A design and trial production of the image slicer unit for the mid-infrared spectrograph

An image slicer is highly in demand for an integral field unit (IFU) spectrograph of the next generation infrared telescopes. This paper reports the results of the trial production of three key optical elements for a small format (number of slice; n=5) image slicer, i.e. monolithic slice mirrors, monolithic pupil mirrors and monolithic pseudo slit mirrors. We have demonstrated that sufficiently high processing accuracy and mirror surface accuracy for infrared observations are achieved for each optical element based on our super precision cutting techniques.

A trial production of the image slicer unit for next generation infrared instruments and the assembly of the evaluation system of the pseudo slit image quality

We have carried out the trial production of small format (n=5) image slicer aiming to obtain the technical verification of the Integral Field Unit (IFU) that can be equipped to the next generation infrared instruments such as TMT/MICHI and SPICA/SMI. Our goal is to achieve stable pseudo slit image with high efficiency. Here we report the results of the assembly of the image slicer unit and the non-cryogenic evaluation system of the pseudo slit image quality in the infrared.

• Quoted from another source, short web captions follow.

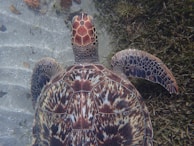 A close-up of a sea turtle gracefully swimming near the rocky seabed of Isla Isabel.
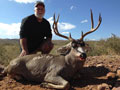 MGT Mule Deer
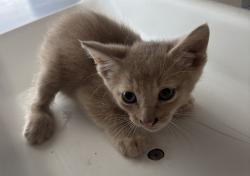 Shelter Stray Male Cat last seen Near W Twain Drive, Magna Township, UT, 84044, 511 W 3900 S, Salt Lake City, UT 84123, USA
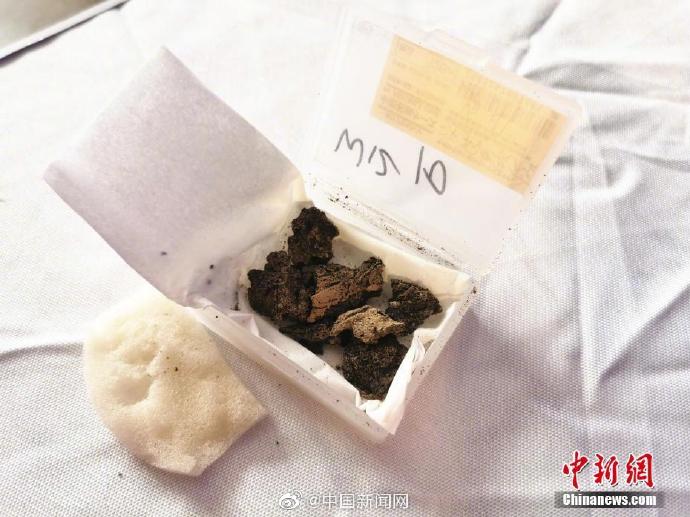 中國(guó)最古の絹織物、河南仰韶文化遺跡で発見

A trial production of a large format image slicer unit for a possible future mid-infrared instrument on the TMT

We have carried out a trial production of the large-format (n=11) image slicer unit for a possible future mid-infrared instrument on the TMT aiming to verify its technical feasibility. The key elements in our trial production are the monolithic large-format slice mirrors and the monolithic large-format pupil mirrors. The results of our trial production of those key elements based on the ultra high-precision cutting techniques and the assembly of the large-format image slicer unit are presented in this paper.

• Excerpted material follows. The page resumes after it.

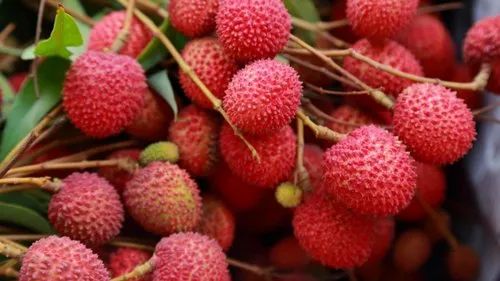 Litchi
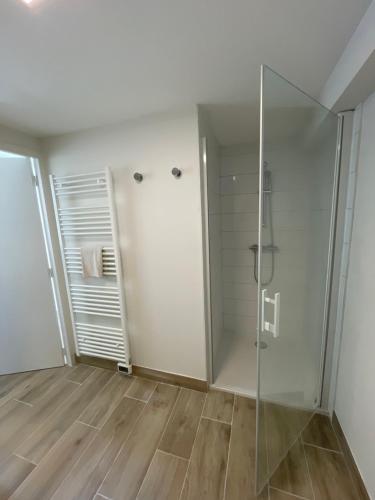 une salle de bain avec douche et porte vitrée dans l'établissement ALBIAPPART HYPER CENTRE, à Albi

Development of the mid-IR echelle high-dispersion spectrograph employing the germanium immersion grating

We have developed a germanium immersion grating mid-infrared cryogenic spectrograph (GIGMICS) designed for the Nasmyth focus stage of NAOJ Subaru 8.2 m telescope, which operates at N-band (8-13 μm) in wavelength with the R ~ 50,000. A single crystal germanium immersion echelle grating (30 × 30 × 72 mm) for collimated beam size of Φ28 mm was fabricated by utilizing ultra precision micro-grinding method coupled with the ELID (ELectrolytic In-process Dressing) technique (Ohmori, H. 1992)1. All optical components are arranged on the 800 mm diameter cold optical base plate (~30 K) of the cryostat. By the Si:As IBC (Impurity Band Conductor) focal plane array (FPA) detector (412 × 512 pixels, unit pixel size 30 μm) operated at 5 K simultaneously acquires ~13 % wavelength coverage for N-band. The instrument has been assembled and is now tested for the application to the gas-phase IR high-resolution spectroscopy.

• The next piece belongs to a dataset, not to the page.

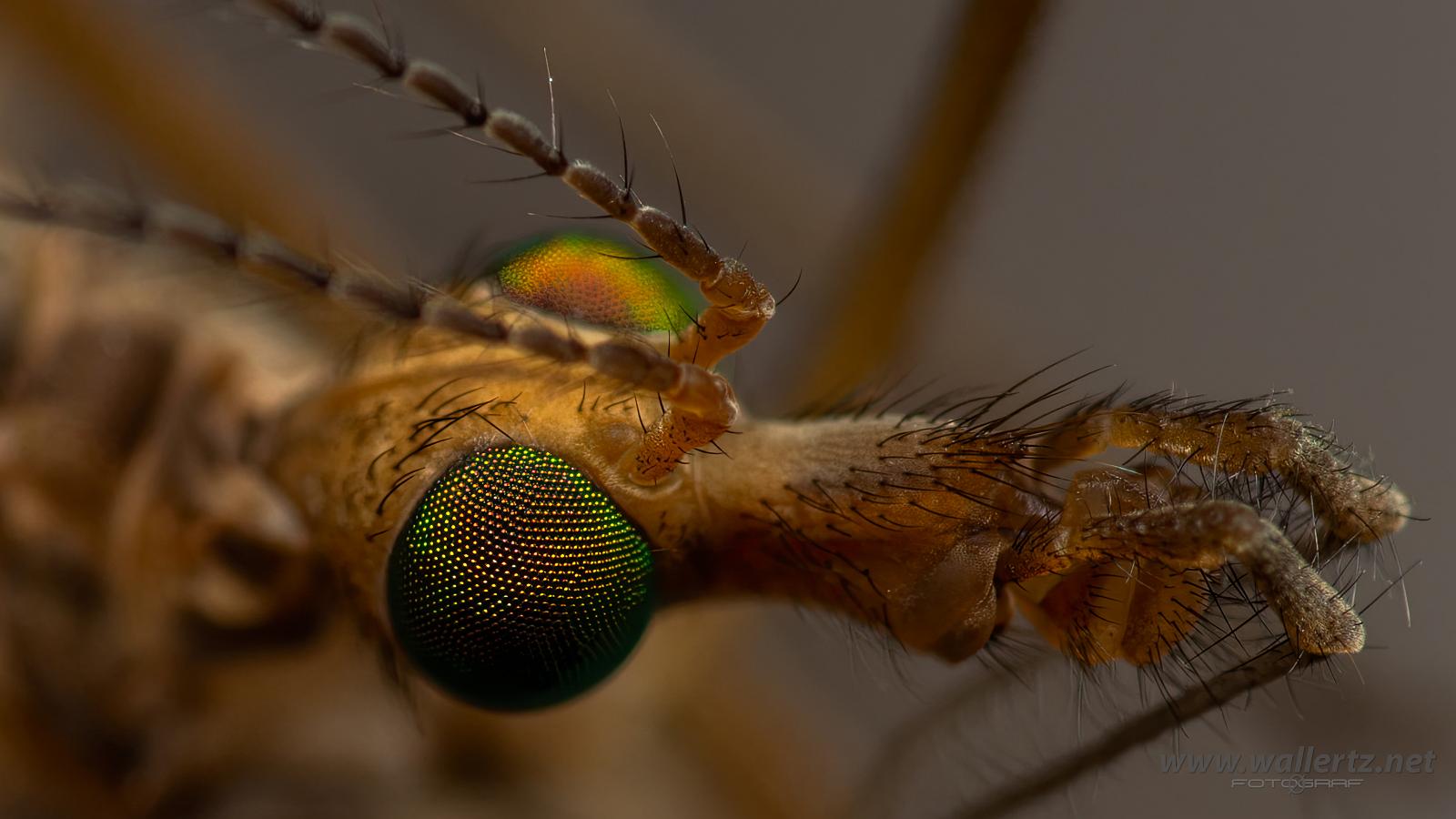 Crane fly head (Harkrank huvud) Tipuloidea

Studies on evaluating and removing subsurface damage on the ground surface of CLEARCERAM-Z HS

We evaluated depth of subsurface damage on a ground surface of the ultra low expansion glass-ceramics CLEARCERAMR®-Z HS (CC-Z HS) by Ohara Inc., which is one of the candidates for material for segmented mirrors of the Thirty Meter Telescope. We made polishing spots of Magnetorheological Finishing on the ground surface of CC-Z HS and measured exposed subsurface damage features on the spot surface. We also studied on hydrofluoric acid etching of the CC-Z HS ground surface, which is expected to be an effective method to remove a subsurface damage layer compared with time-consuming polishing. We etched small ground surfaces of CC-Z HS and evaluated its uniformity.